Requirement:
Please set down only the lines below starting with the line with "Daire !!! - Görsel 3" and going on through the line with "2 bedrooms Apartment", verbatim and without pictures.

Given information:
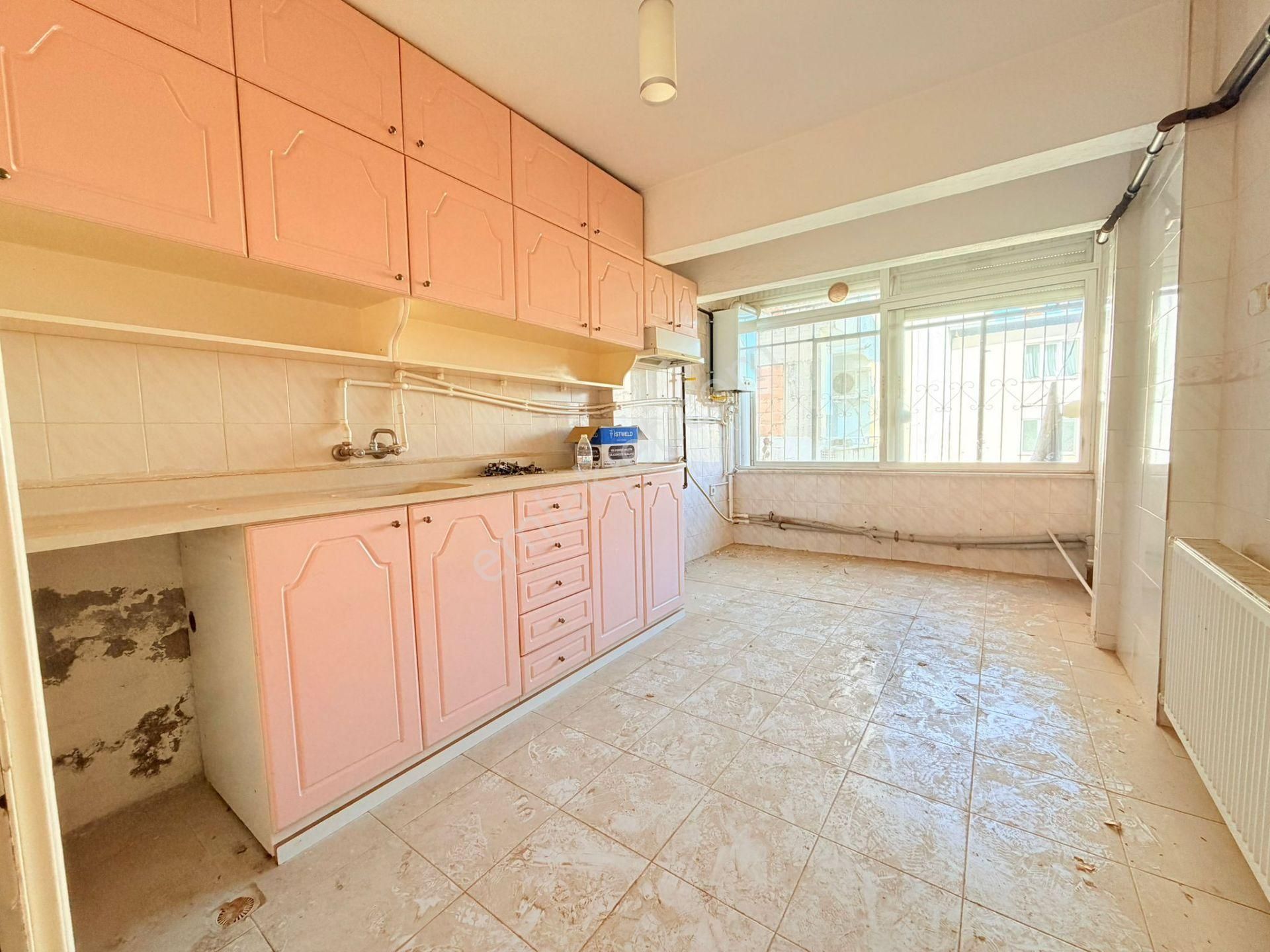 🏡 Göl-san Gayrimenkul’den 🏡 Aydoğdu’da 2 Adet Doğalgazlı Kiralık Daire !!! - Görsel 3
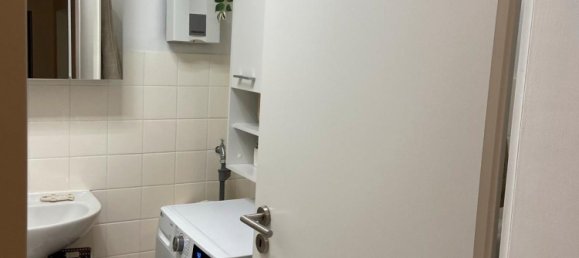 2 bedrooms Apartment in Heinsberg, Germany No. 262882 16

==

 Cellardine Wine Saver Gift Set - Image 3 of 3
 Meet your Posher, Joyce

Solution to this exercise:
 🏡 Göl-san Gayrimenkul’den 🏡 Aydoğdu’da 2 Adet Doğalgazlı Kiralık Daire !!! - Görsel 3
 2 bedrooms Apartment in Heinsberg, Germany No. 262882 16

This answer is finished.